→ **Material for the task**:
:::::

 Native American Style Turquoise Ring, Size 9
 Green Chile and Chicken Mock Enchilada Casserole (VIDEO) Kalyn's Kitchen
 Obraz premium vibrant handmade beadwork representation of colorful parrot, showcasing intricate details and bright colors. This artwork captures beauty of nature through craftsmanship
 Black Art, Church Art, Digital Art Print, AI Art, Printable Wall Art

:::::

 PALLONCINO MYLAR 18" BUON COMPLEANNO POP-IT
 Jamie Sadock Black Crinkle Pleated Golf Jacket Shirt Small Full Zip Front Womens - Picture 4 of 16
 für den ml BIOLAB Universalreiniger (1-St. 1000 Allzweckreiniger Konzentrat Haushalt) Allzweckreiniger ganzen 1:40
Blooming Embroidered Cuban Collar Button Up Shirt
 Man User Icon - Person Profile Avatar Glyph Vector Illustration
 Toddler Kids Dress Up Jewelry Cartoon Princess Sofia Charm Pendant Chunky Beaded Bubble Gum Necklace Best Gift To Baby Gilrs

:::::

→ **Assignment**: Scan the entries above for the string "Black" and copy each line containing it.

→ **Solution for this task**:
 Black Art, Church Art, Digital Art Print, AI Art, Printable Wall Art
 Jamie Sadock Black Crinkle Pleated Golf Jacket Shirt Small Full Zip Front Womens - Picture 4 of 16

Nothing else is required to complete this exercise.